> _What you should do_:
Print the listing below word for word, but drop any pictures it contains.

> _Records shown_:
=== Begin Enclosure ===

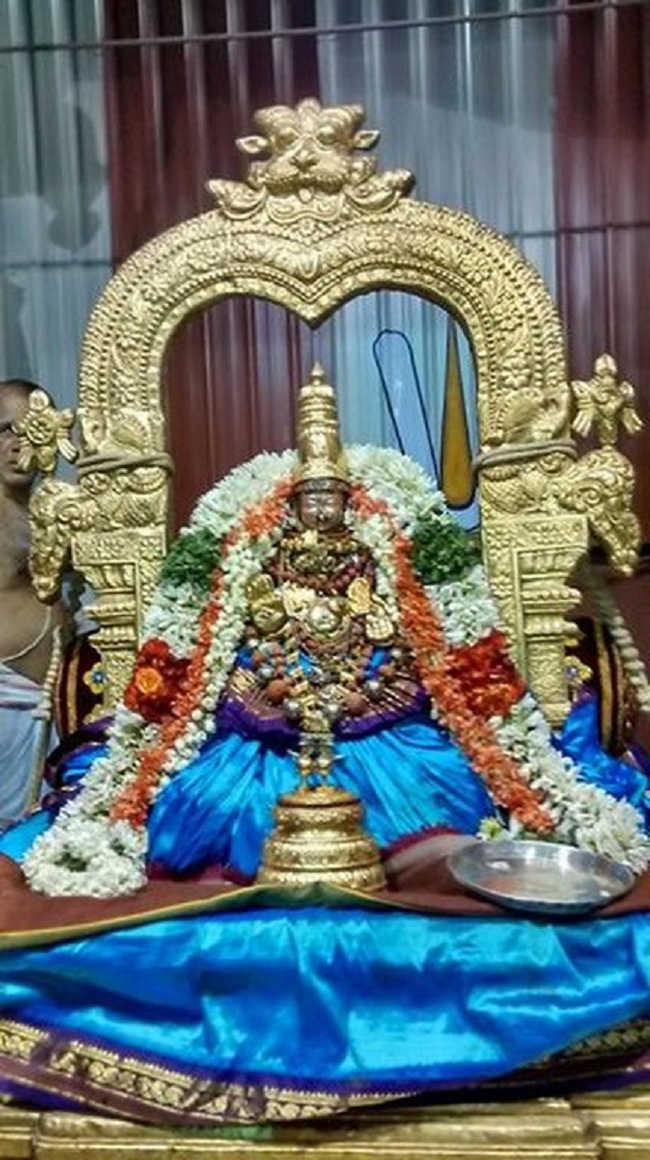 Mylapore SVDD Sri Alarmelumagai Thayar Aadi Velli Kizhamai Purappadu7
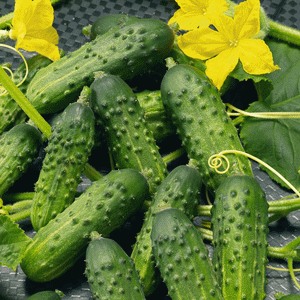 Cucumber - Calypso Hybrid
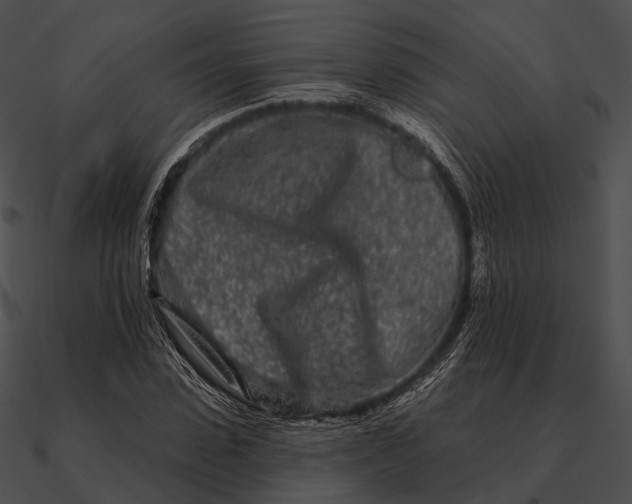 X0000090500923200708031206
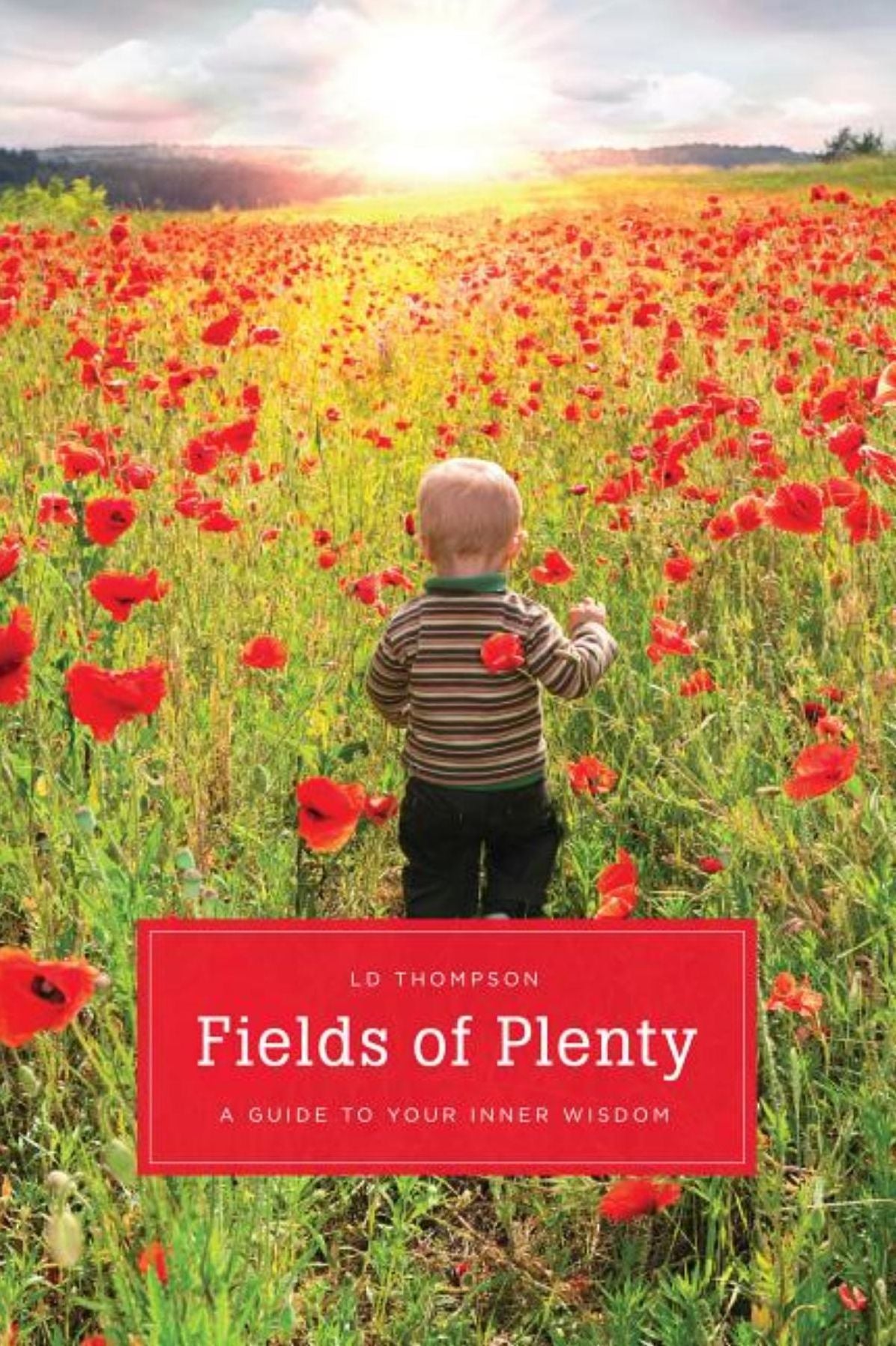 Fields of Plenty: A Guide to Your Inner Wisdom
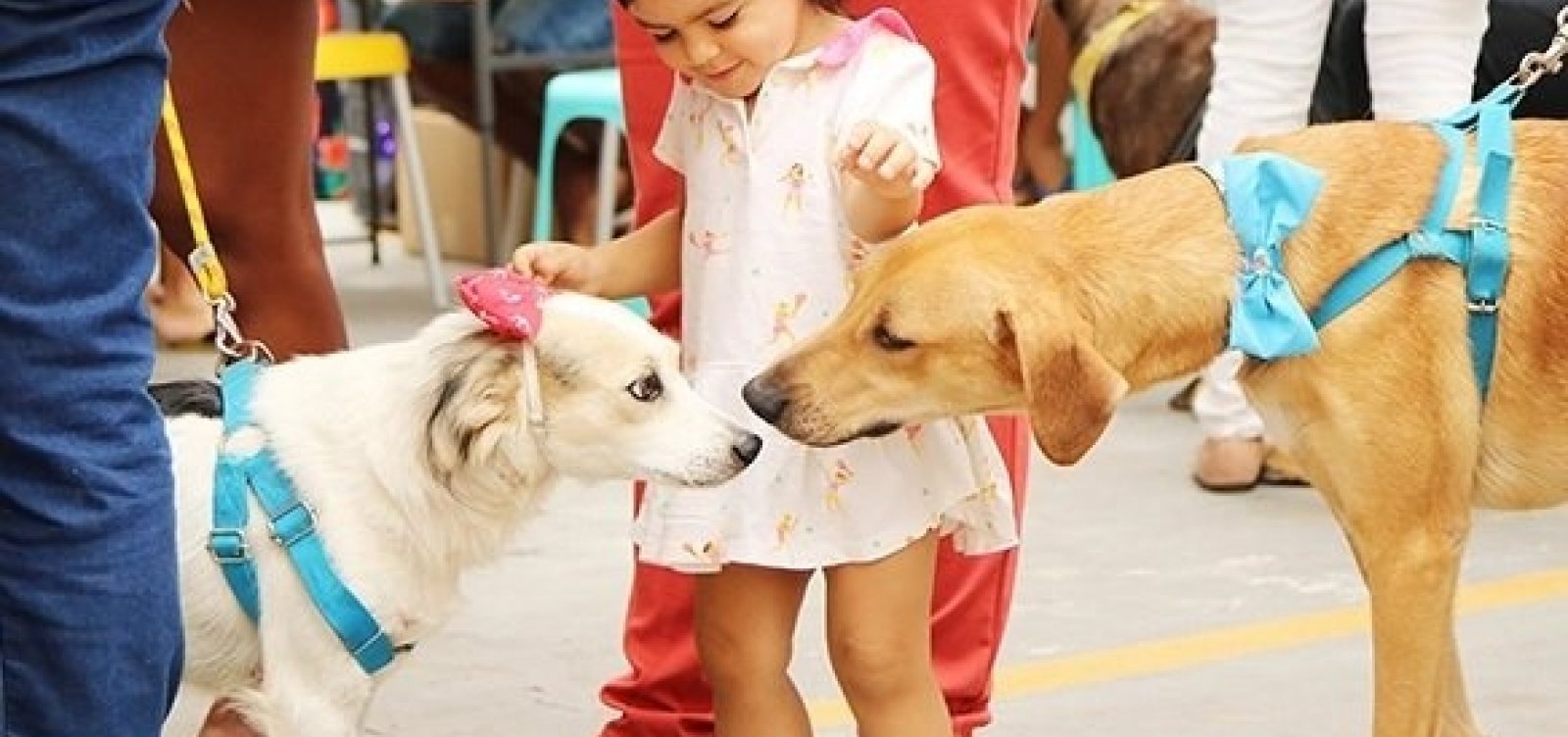 [Ação para adoção de animais acontece neste domingo]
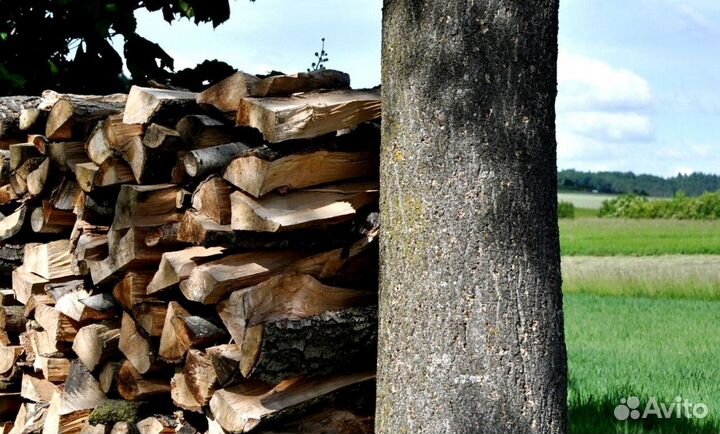 Дрова естесвенной влажности
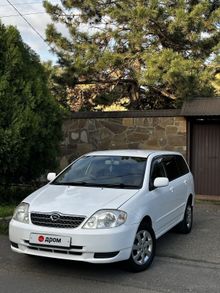  Corolla Fielder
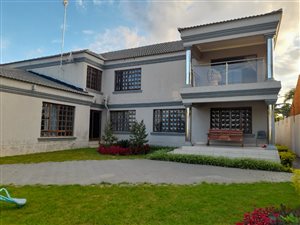 12 Bed House in Flora Park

=== End Enclosure ===

> _Answer for the task_:
 Mylapore SVDD Sri Alarmelumagai Thayar Aadi Velli Kizhamai Purappadu7
 Cucumber - Calypso Hybrid
 X0000090500923200708031206
 Fields of Plenty: A Guide to Your Inner Wisdom
 [Ação para adoção de animais acontece neste domingo]
 Дрова естесвенной влажности
  Corolla Fielder
 12 Bed House in Flora Park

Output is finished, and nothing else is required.